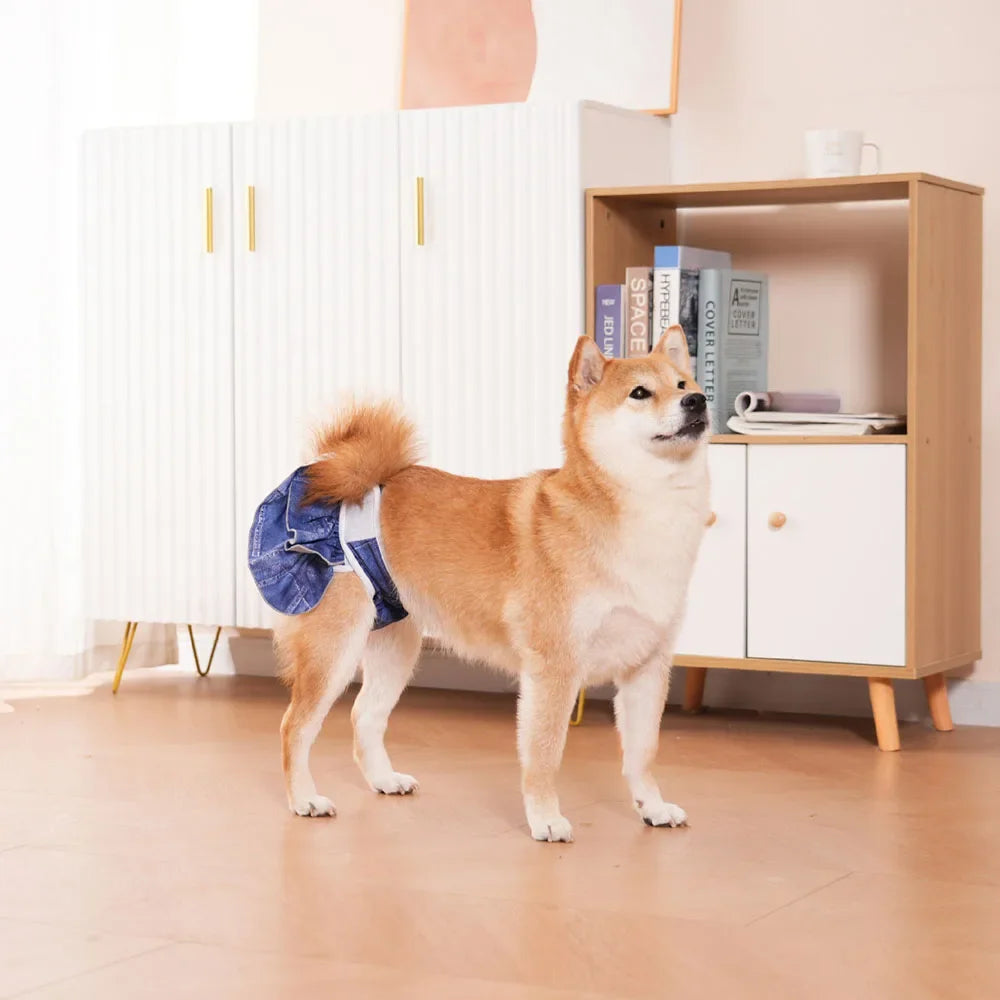 Cute Washable Female Dog Panties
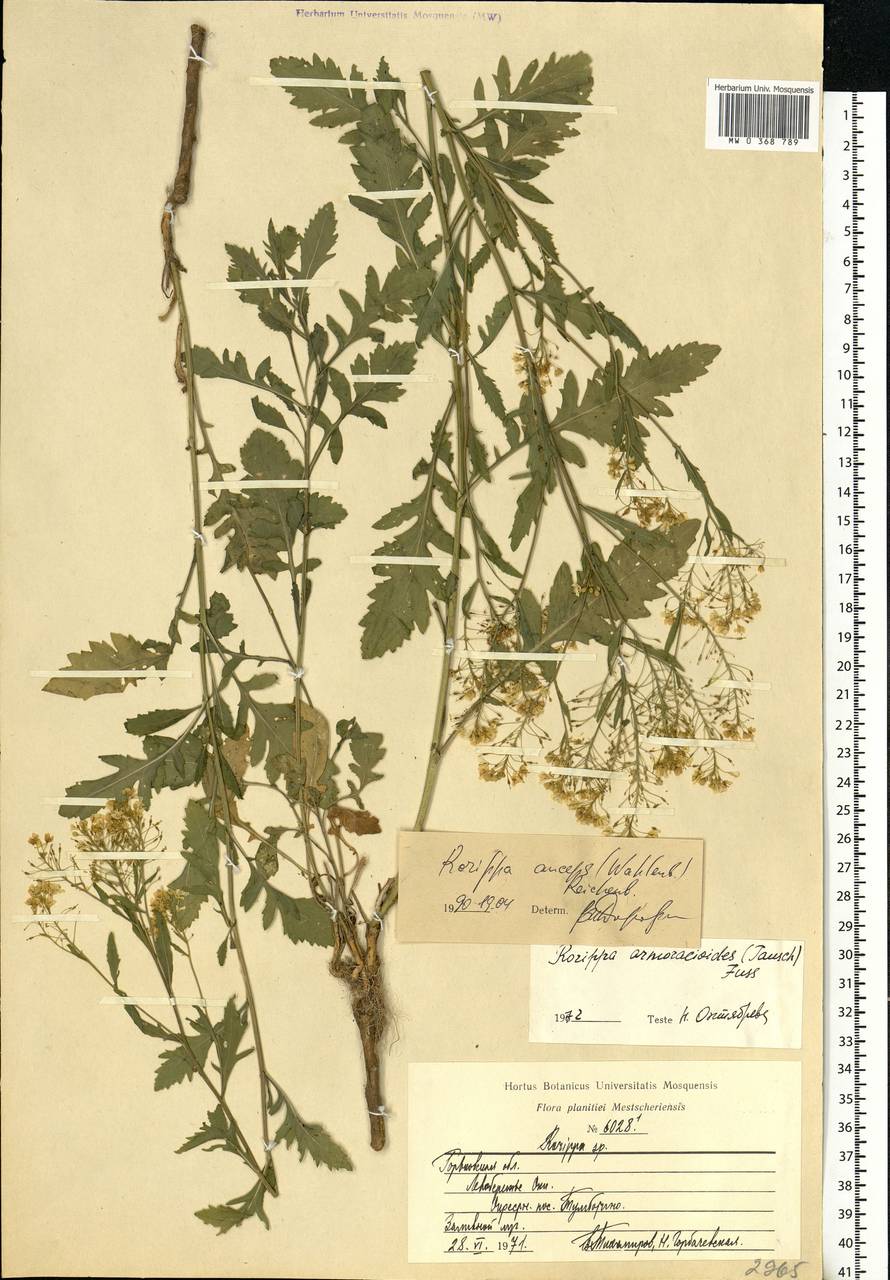 Rorippa × anceps (Wahlenb.) Rchb., Eastern Europe, Volga-Kama region (E7) (Russia)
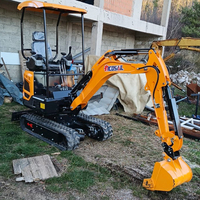 Mini-excavatrices à chenilles EURO 5, très demandées, avec moteur CE EPA, pour usage domestique et agricole, capacités 1T, 2T, 2.5T, 3T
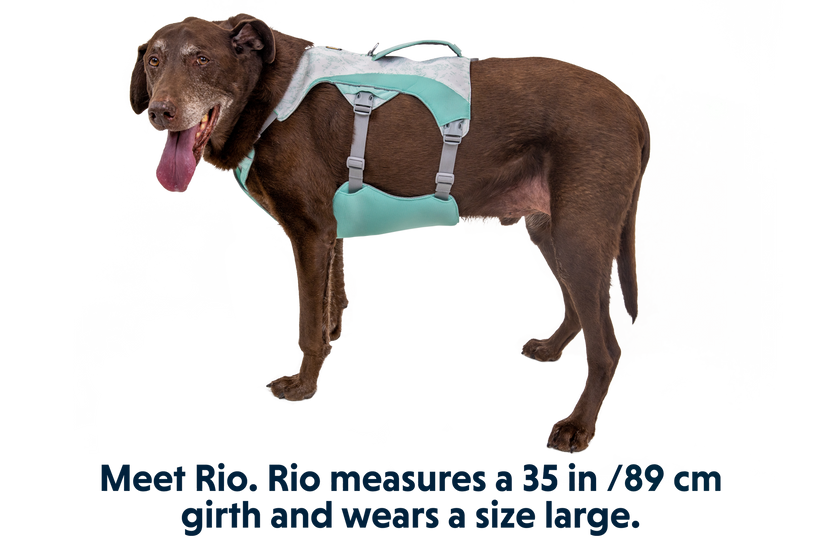Swamp Cooler™ Pet Cooling Harness
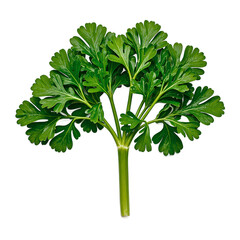 Fresh flat parsley bunch vibrant green leaves centered and isolated on white Perfect for culinary health or botanical concepts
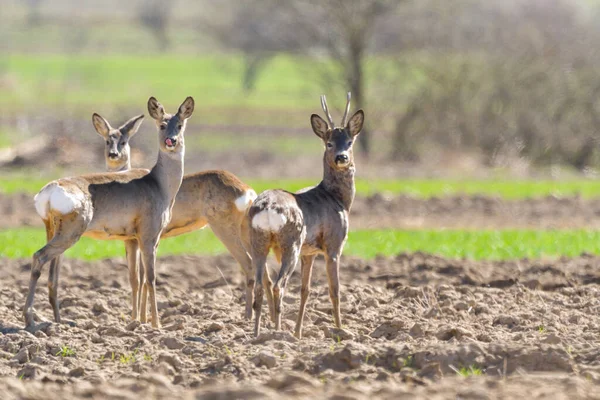 Rusa Roe Capreolus Capreolus Buck Mengamati Padang Rumput Dengan Latar — Stok Foto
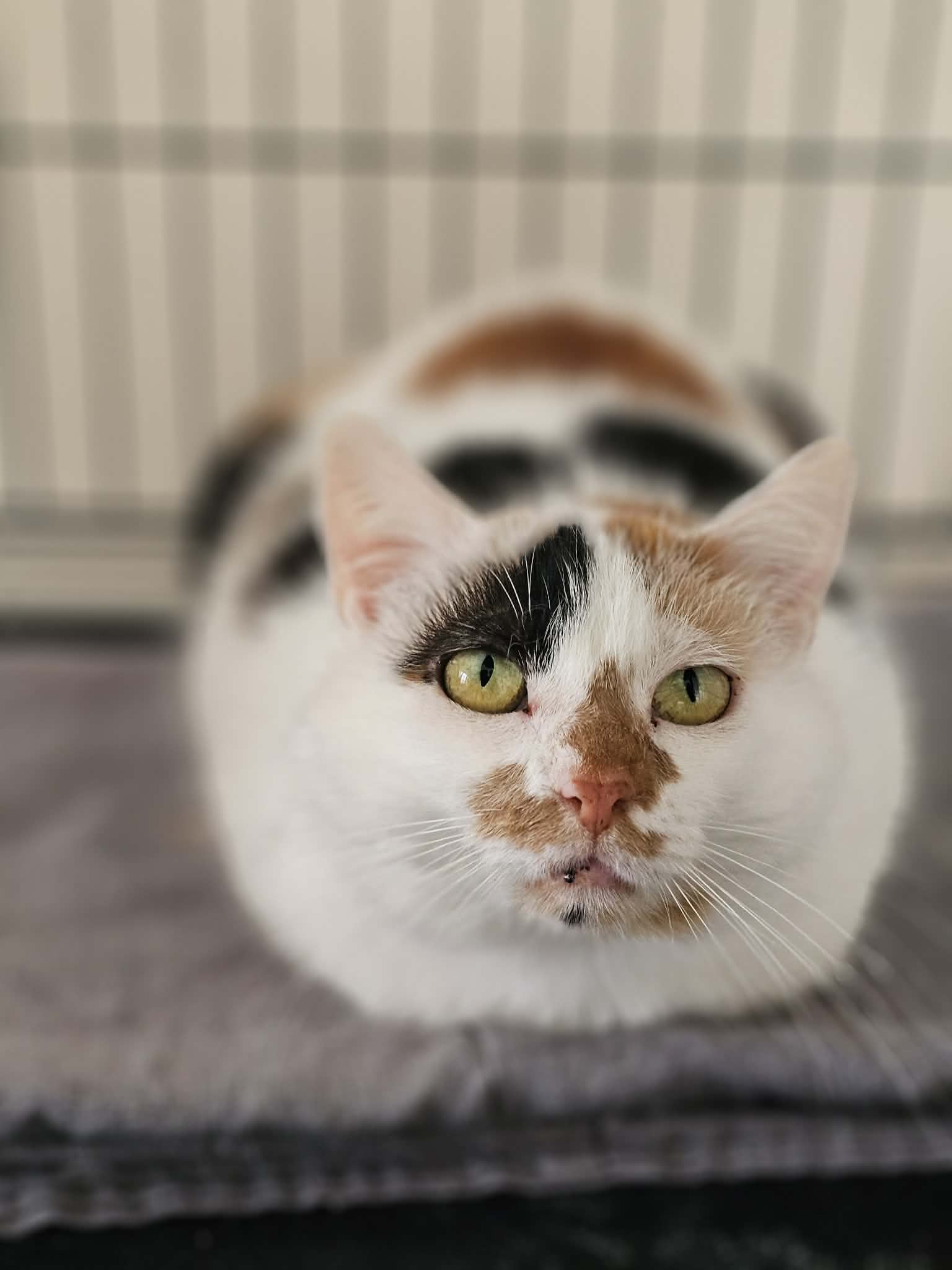 A calico cat is laying on a sofa in perfect loaf formation. Her paws are tucked under her body and she looks like a baguette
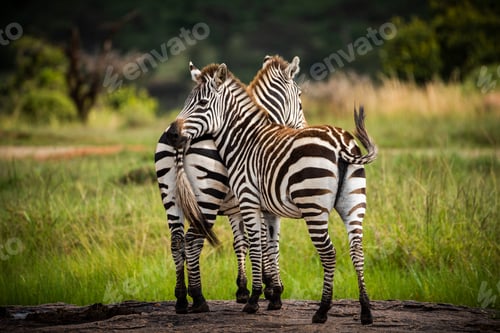 Preview: Zebra (Equus quagga) at El Karama Ranch, Laikipia County, Kenya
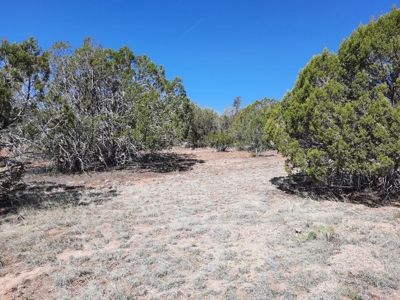 Northern AZ off grid recreational property - image 10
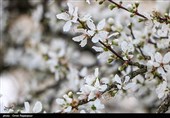 شکوفه های زمستانی رودسر - گیلان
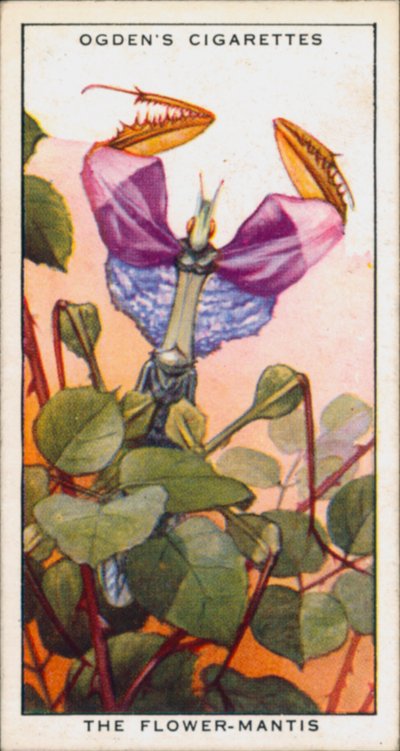 Signaalkleuren voor agressie, insecten, de bloem-Mantis (kleurenlitho) door English School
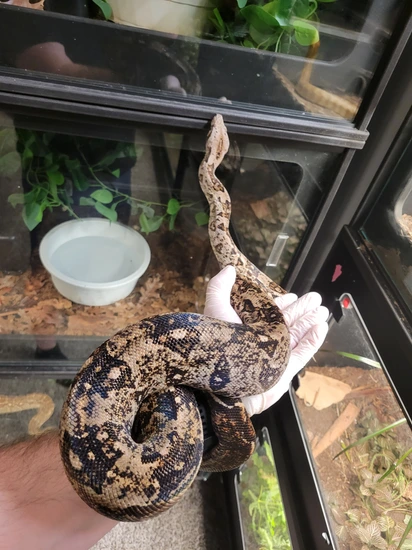 *FALL SALE* 2018 Pair Of Crawl Cay Dwarf Boas Boa Constrictor by Island ...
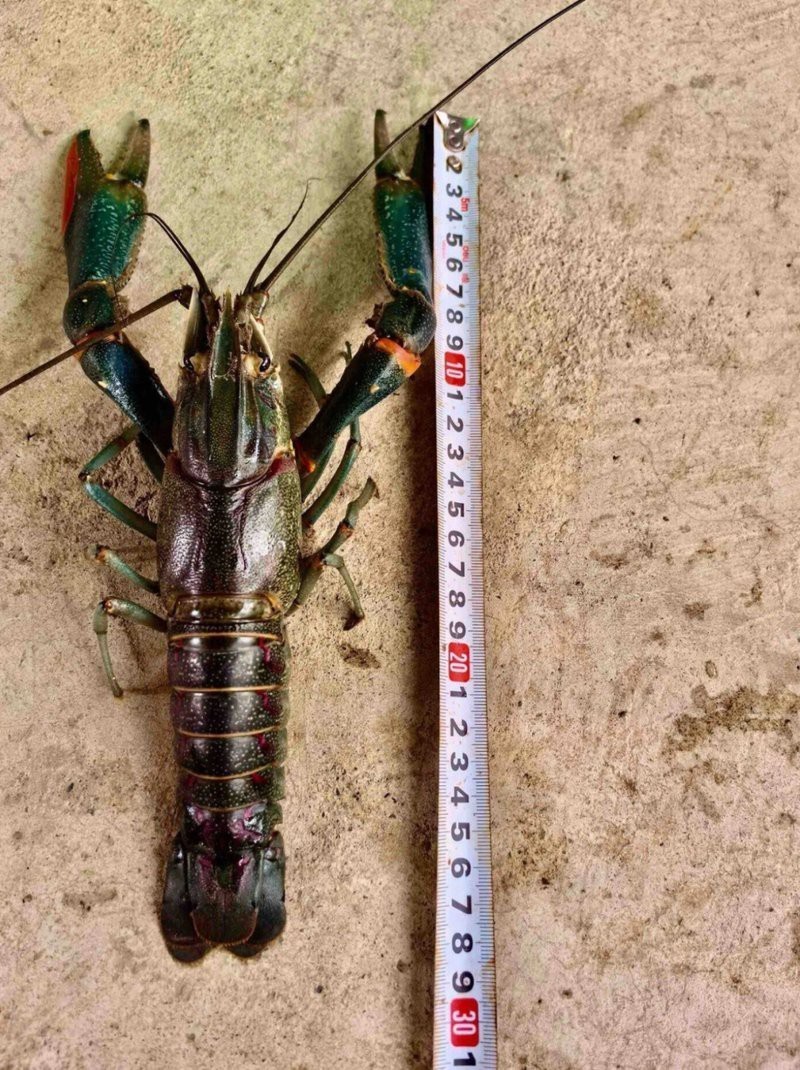 耿馬龍魚店，耿馬縣有哪些特色餐飲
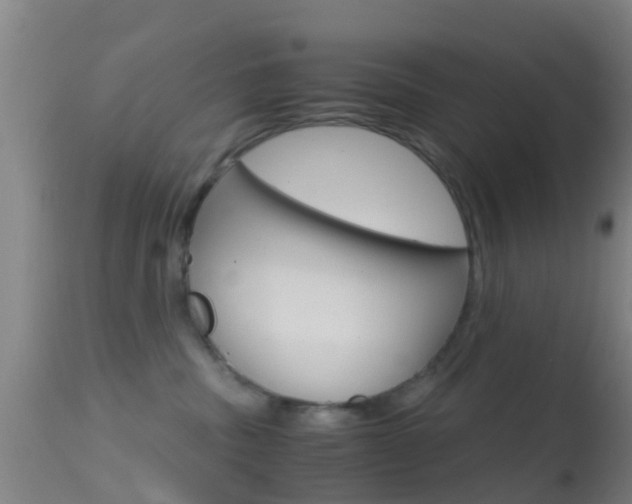 X0000114680379200910211037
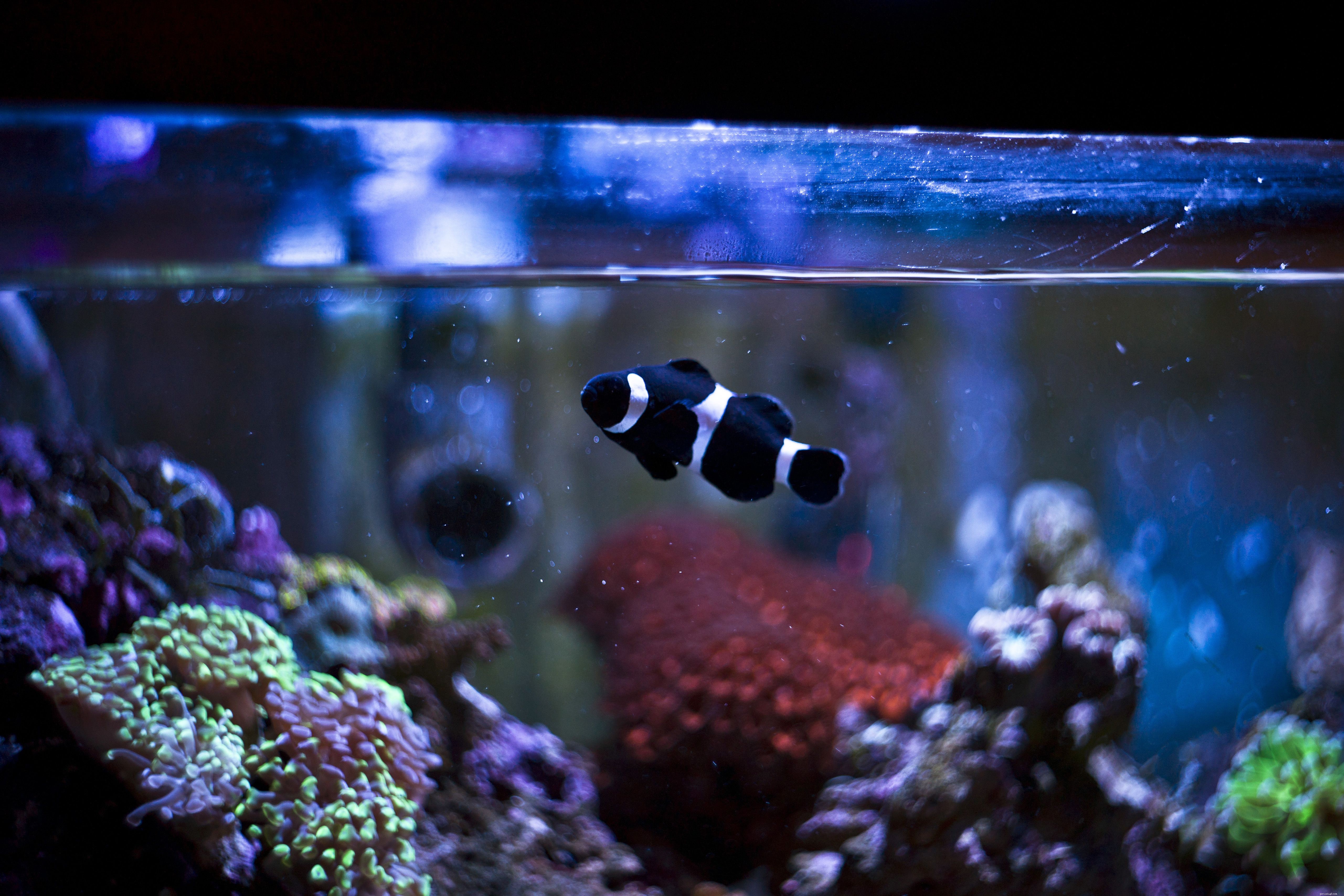 Tout savoir sur la filtration mécanique pour votre aquarium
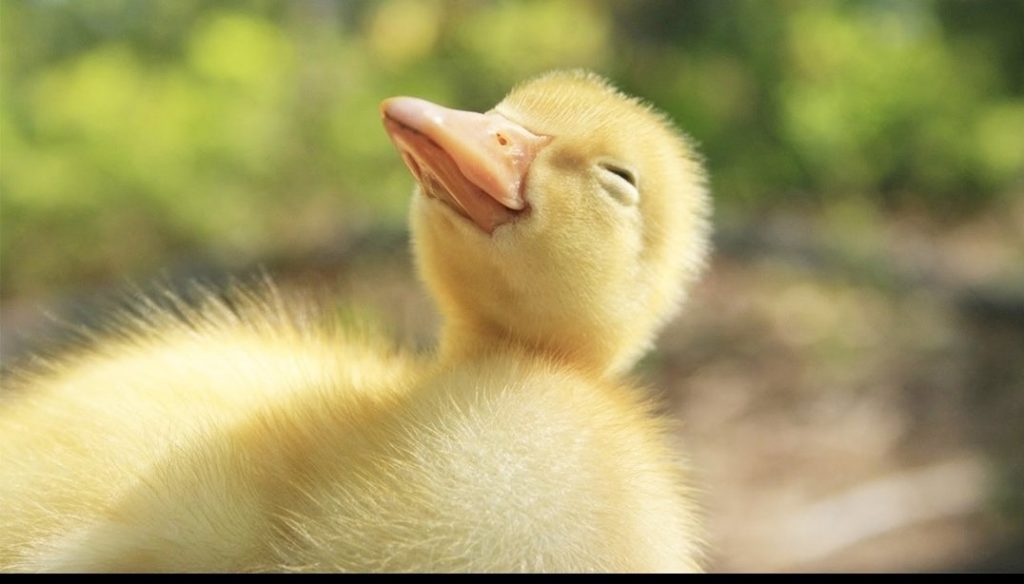 If it walks like a duck.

WHAT NEEDS TO BE DONE: If an entry contains an image, please omit that image and print everything else verbatim.

SOLUTION BELOW:
 Cute Washable Female Dog Panties
 Rorippa × anceps (Wahlenb.) Rchb., Eastern Europe, Volga-Kama region (E7) (Russia)
 Mini-excavatrices à chenilles EURO 5, très demandées, avec moteur CE EPA, pour usage domestique et agricole, capacités 1T, 2T, 2.5T, 3T
Swamp Cooler™ Pet Cooling Harness
 Fresh flat parsley bunch vibrant green leaves centered and isolated on white Perfect for culinary health or botanical concepts
 Rusa Roe Capreolus Capreolus Buck Mengamati Padang Rumput Dengan Latar — Stok Foto
 A calico cat is laying on a sofa in perfect loaf formation. Her paws are tucked under her body and she looks like a baguette
 Preview: Zebra (Equus quagga) at El Karama Ranch, Laikipia County, Kenya
 Northern AZ off grid recreational property - image 10
 شکوفه های زمستانی رودسر - گیلان
 Signaalkleuren voor agressie, insecten, de bloem-Mantis (kleurenlitho) door English School
 *FALL SALE* 2018 Pair Of Crawl Cay Dwarf Boas Boa Constrictor by Island ...
 耿馬龍魚店，耿馬縣有哪些特色餐飲
 X0000114680379200910211037
 Tout savoir sur la filtration mécanique pour votre aquarium
 If it walks like a duck.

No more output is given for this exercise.